As described above, it is possible to reduce by about 20% in order to obtain biomass of a size required for biomass co-fired thermal power generation. Moreover, the yield fall of biomass could also be suppressed by using a cellulolytic enzyme activity suppression strain.

[Comparative Example 2]
Grinding treatment of larch chips not treated with bacteria Only lather treatment was performed so that larch chips not treated with bacteria were 0.01 vvm for 2 weeks, and crushing was performed using a Wiley type grinder in the same manner as in Example 3. The amount of power and the particle size distribution were measured. The results are shown in Table 6 and Table 4.

  As described above, pulverization energy could be reduced not only for hardwoods but also for conifers.

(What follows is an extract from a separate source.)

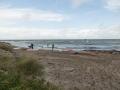 2015_09_05_Hally_Fehmarn-53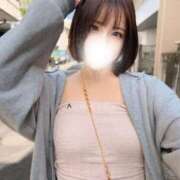 ヒメ日記 2026/04/19 10:24 投稿 桜井　こと ウルトラグレイス24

Woody biomass can be pretreated with microorganisms, and can be used in technologies for reducing the pulverization energy of woody biomass during biomass energy production by co-firing or gasification or saccharification pretreatment by sulfuric acid hydrolysis.

Claims (3)

  A pretreatment method for woody biomass that requires grinding using white rot fungi having lignin resolution.   The biomass pretreatment method according to claim 1, wherein the white rot fungus is Alagekawaratake. The biomass pretreatment method according to claim 2, wherein the mushroom mushroom is a mushroom mushroom strain with suppressed cellulolytic enzyme activity.